Understanding the Gram-Schmidt process
I would like to better understand the gram-schmidt process. The statement of the theorem in my textbook is the following:
The Gram-Schmidt sequence $[u_1, u_2,\ldots]$ has the property that $\{u_1, u_2,\ldots, u_n\}$ is an orthonormal base for the linear span of $\{x_1, x_2, \ldots, x_k\}$ for $k\geq 1$. The formula for $\{u_1, u_2,\ldots, u_n\}$ is: \begin{equation} x_k = \left|\left| x_k - \sum\limits_{i<k}\langle x_k, u_i\rangle u_i \right|\right|_2^{-1} \left(x_k - \sum\limits_{i<k}\langle x_k, u_i\rangle u_i\right) \end{equation}
Note that I am primarily interested in how all of the vectors are orthogonal. The norm term in the above equation tells me that all the vectors will be unit vectors and hence we get an orthonormal set. Anyway, I see how this works algebraically; Let $v = x_k - \sum\limits_{i<k}\langle x_k, u_i\rangle u_i$. Now, take the dot product of $\langle v, u_j\rangle$ for some $j<k$: \begin{equation} \langle v, u_j\rangle = \langle x_k, u_j\rangle - \sum\limits_{i<k}\langle x_k, u_i\rangle\langle u_i, u_j\rangle \end{equation} When we assume in the induction hypothesis that we have an orthonormal basis for $i<k$ then the sum is zero except when $i=j$. This leaves us with: \begin{equation} \langle v, u_j\rangle = \langle x_k, u_j\rangle - \langle x_k, u_j\rangle = 0 \end{equation}
OK, I can logically follow algebra, but how can I see this geometrically? Can someone provide both 2D and 3D examples/plots? Since I am specifically interested in seeing how all the vectors meet at 90 degrees.
Consider the following diagram, courtesy of mathinsight.org:
You can think of $(a \cdot u) u$ as the piece of $a$ that is in the direction of $u$. The part that is left over, $a - (a \cdot u) u$, must naturally be the missing side of the triangle, and hence is perpendicular to $u$. So at each step of the Gram-Schmidt process, the formula
$$ v_{n+1} = a - \sum_{j=1}^n \langle a, u_j \rangle u_j, \quad u_{n+1} = v_{n+1}/ \|v_{n+1} \|$$
does the following: it first subtracts all the pieces of $a$ that are in the same direction as all the $u_j$, then it renormalizes. The resulting vector must be orthogonal to all the $u_j$'s since you just subtracted out all the pieces that were not perpendicular.
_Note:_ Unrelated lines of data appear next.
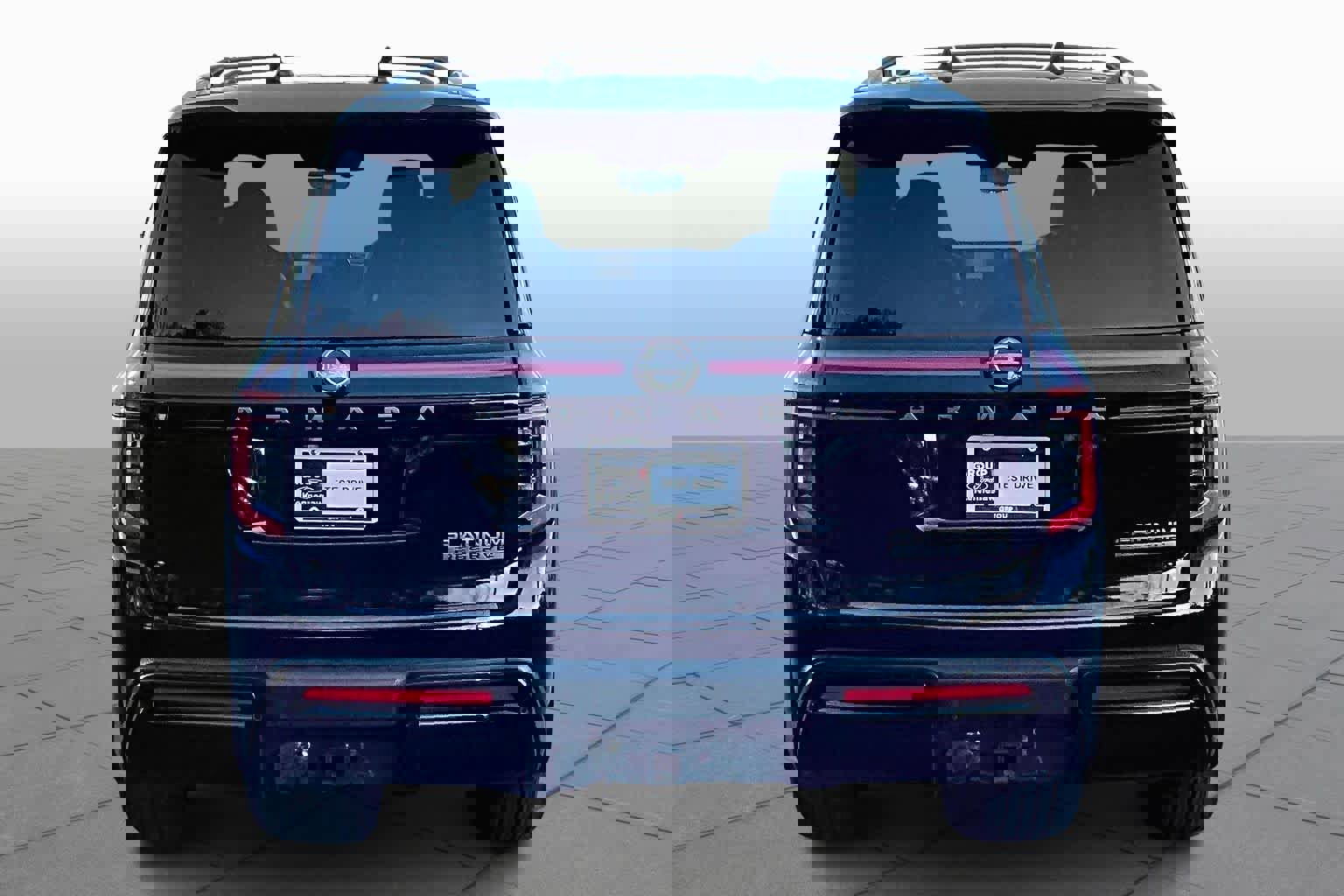 Used 2025 Nissan Armada Platinum Reserve image 3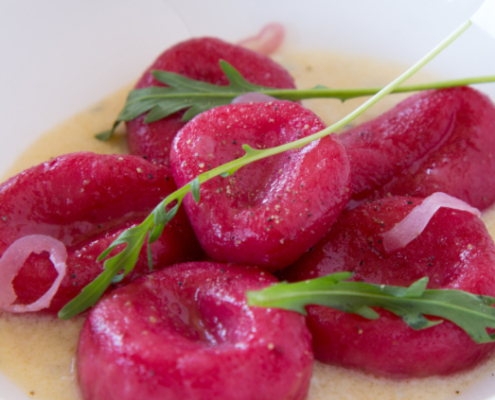 Gnocchi di barbabietola con Pecorino Toscano DOP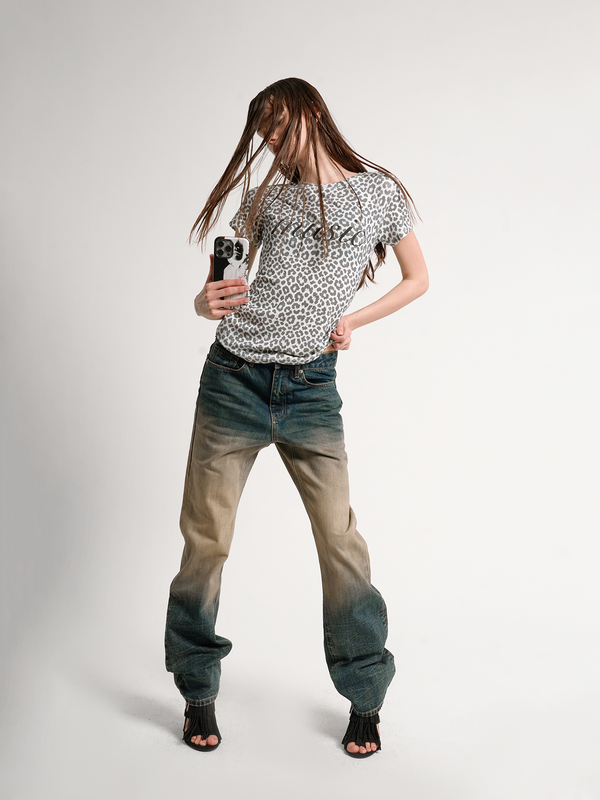 WASHED GRADIENT MUD DYE JEANS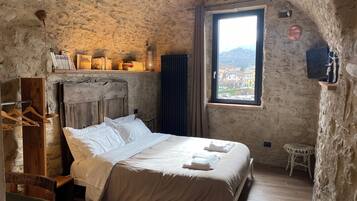 Suite, Flussblick | 1 Schlafzimmer, Verdunkelungsvorhänge, kostenloses WLAN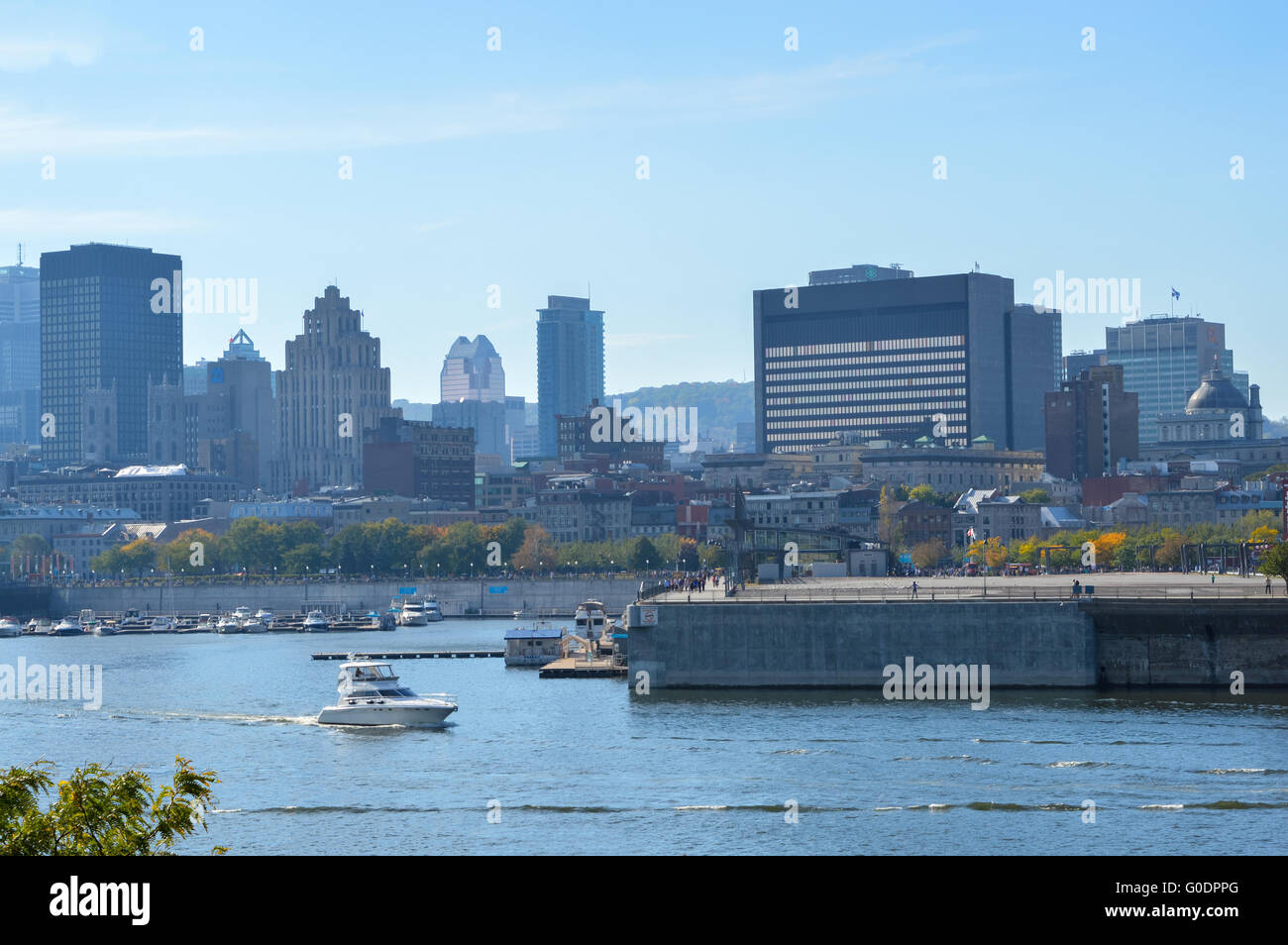 Montreal, Kanada - 27. August 2014: Skyline von Montreal am alten Hafen, Montreal, Quebec, Kanada. Menschen können in gesehen werden. Stockfoto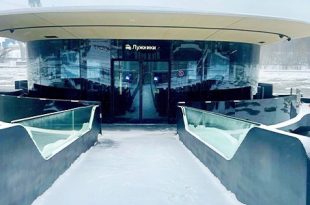 موسكو تطلق أول رصيف عائم في العالم يشحن القوارب الكهربائية تلقائياً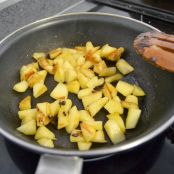 Empanadillas de morcilla y manzana con masa casera - Paso 3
The geometric picture from Gram-Schmidt is this:
You start with a basis. Take the first vector. Scale it so that it's a unit vector. Good start. Take the second vector. If it's orthogonal to the first vector, great. otherwise, subtract off a multiple of the first vector until it is. Then scale it so that it's a unit vector. Moving on, take the third vector. Subtract off enough of the first vector from it so that it's orthogonal to the first vector now. Then subtract off enough of the second vector so it's orthogonal to that one, too. Now scale it so that it's a unit vector. Keep going like this, by taking the next vector and subtracting of bits of the previous vectors so that it's orthogonal to all of them, and then rescale so that it's a unit vector. The "bit" that you have to subtract off is the projection of the vector you're currently working on onto the unit vector, and the formula for that is given by the dot product.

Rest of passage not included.